● Exercise
Make an exact copy of the lines starting at the top of the listing below and ending at the line that contains "Penthouse Suite, Gorki Apartments", inclusive.

-------- Supplied material

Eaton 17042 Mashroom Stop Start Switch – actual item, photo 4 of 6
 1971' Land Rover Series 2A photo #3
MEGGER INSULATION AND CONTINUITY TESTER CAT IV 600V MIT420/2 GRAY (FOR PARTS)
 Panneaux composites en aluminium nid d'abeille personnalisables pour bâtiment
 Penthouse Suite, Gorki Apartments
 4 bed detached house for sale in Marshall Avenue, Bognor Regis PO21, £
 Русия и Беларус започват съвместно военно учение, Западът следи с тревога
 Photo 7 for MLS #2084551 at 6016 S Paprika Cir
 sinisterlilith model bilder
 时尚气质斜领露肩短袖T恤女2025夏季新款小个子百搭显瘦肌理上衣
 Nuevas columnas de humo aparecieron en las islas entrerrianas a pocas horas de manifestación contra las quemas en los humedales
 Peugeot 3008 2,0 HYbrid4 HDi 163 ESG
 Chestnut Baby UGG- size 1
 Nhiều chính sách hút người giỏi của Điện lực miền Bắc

----------------

● Response box
Eaton 17042 Mashroom Stop Start Switch – actual item, photo 4 of 6
 1971' Land Rover Series 2A photo #3
MEGGER INSULATION AND CONTINUITY TESTER CAT IV 600V MIT420/2 GRAY (FOR PARTS)
 Panneaux composites en aluminium nid d'abeille personnalisables pour bâtiment
 Penthouse Suite, Gorki Apartments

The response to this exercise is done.